Brief: Your answer is the lines below, exactly, from the one that contains "Смеричка Лузан Г.н." through the one that contains "2018 Ford Expedition XLT Cleveland OH", both included.

Input:
● ● ● ●
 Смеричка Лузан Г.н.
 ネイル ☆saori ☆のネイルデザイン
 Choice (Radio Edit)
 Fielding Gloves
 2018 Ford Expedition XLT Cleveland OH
● ● ● ●
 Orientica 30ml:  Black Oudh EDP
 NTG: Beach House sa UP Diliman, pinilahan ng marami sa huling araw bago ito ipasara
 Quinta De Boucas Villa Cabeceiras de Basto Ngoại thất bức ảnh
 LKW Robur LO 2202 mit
● ● ● ●
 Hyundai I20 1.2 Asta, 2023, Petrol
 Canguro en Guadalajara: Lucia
● ● ● ●
Written response:
 Смеричка Лузан Г.н.
 ネイル ☆saori ☆のネイルデザイン
 Choice (Radio Edit)
 Fielding Gloves
 2018 Ford Expedition XLT Cleveland OH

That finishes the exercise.